Work instructions:
Retype nothing except the lines below from the one with "Voyage entre filles" through the one with "110 Depot St, Toano, VA Parcel Map", exactly, with images left out.

Given data:
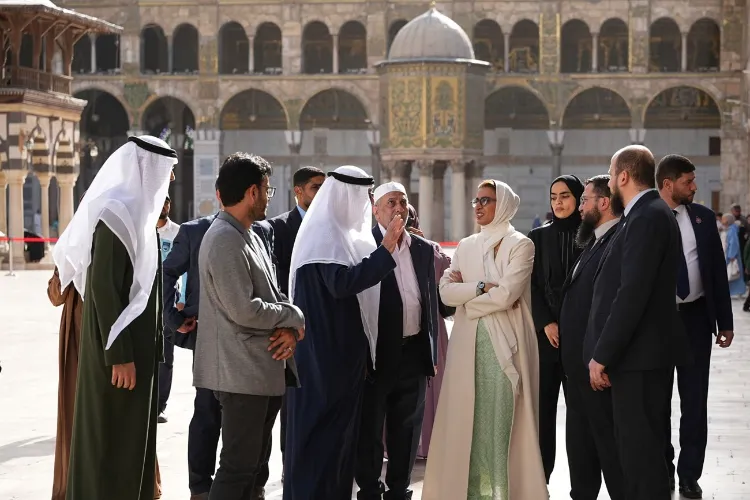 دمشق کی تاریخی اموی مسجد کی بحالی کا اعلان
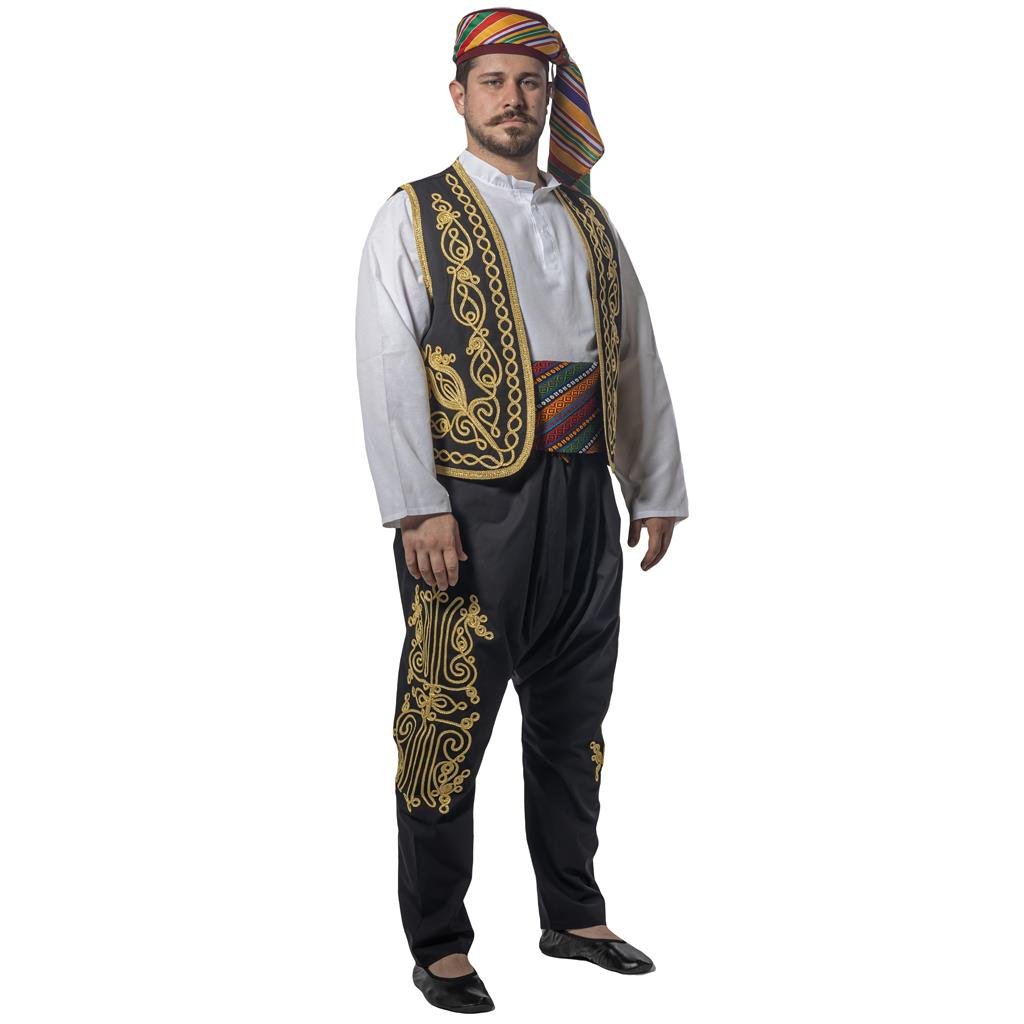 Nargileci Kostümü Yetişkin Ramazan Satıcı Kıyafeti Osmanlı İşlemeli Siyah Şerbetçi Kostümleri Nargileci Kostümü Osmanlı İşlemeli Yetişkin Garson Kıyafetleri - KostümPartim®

==

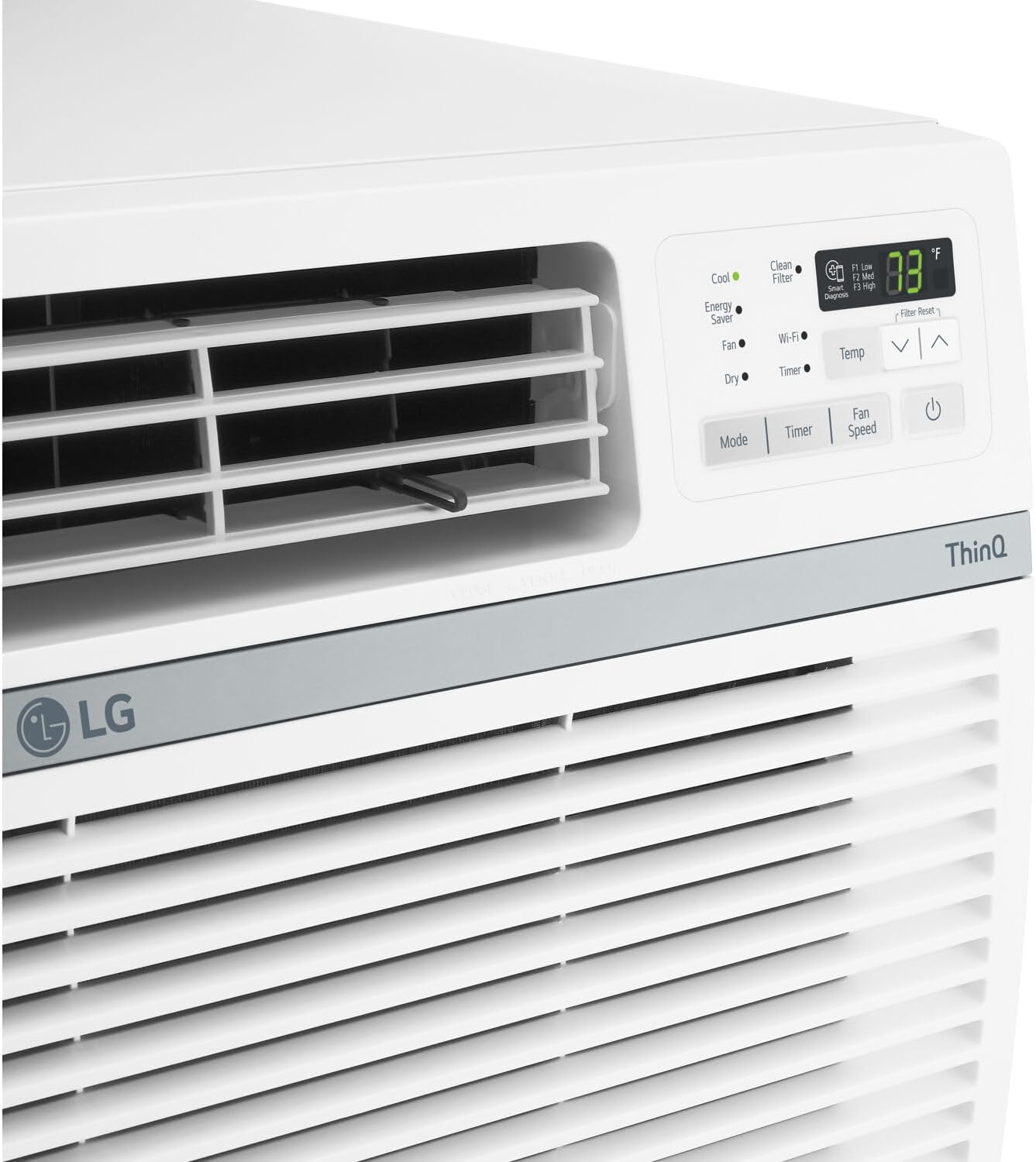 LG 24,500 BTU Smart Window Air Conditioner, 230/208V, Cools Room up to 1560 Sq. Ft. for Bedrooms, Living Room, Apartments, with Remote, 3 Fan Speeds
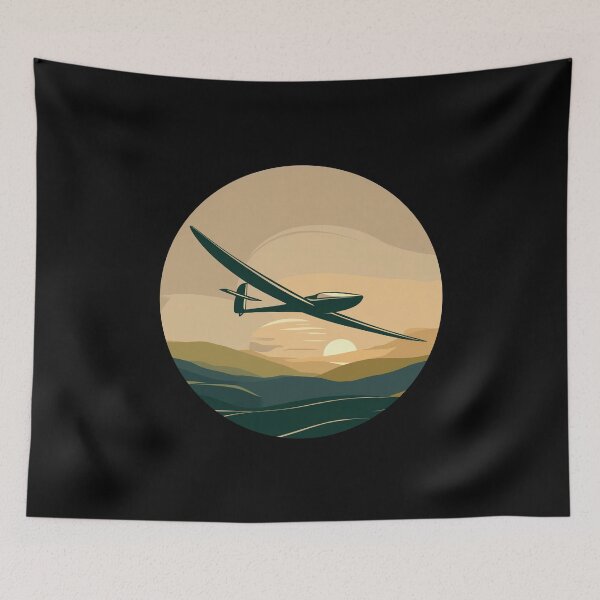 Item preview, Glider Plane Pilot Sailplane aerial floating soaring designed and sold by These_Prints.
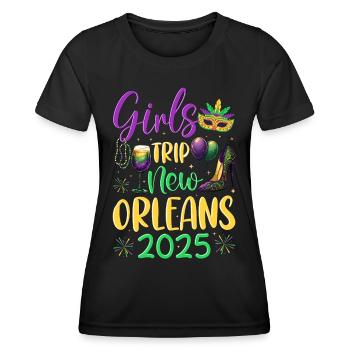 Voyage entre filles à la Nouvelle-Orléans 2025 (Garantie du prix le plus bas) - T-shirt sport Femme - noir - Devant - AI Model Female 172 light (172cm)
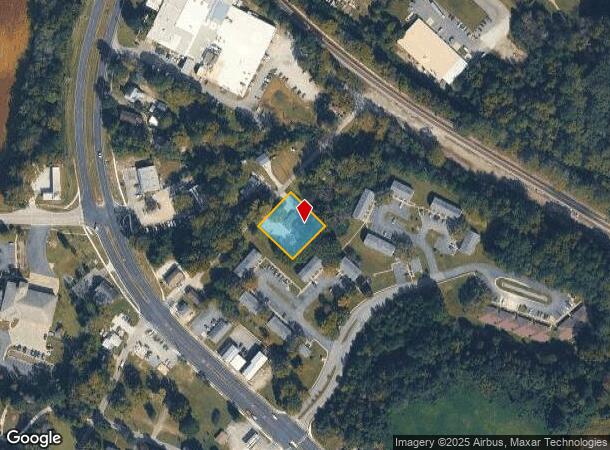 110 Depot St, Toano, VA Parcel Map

Answer box:
 Voyage entre filles à la Nouvelle-Orléans 2025 (Garantie du prix le plus bas) - T-shirt sport Femme - noir - Devant - AI Model Female 172 light (172cm)
 110 Depot St, Toano, VA Parcel Map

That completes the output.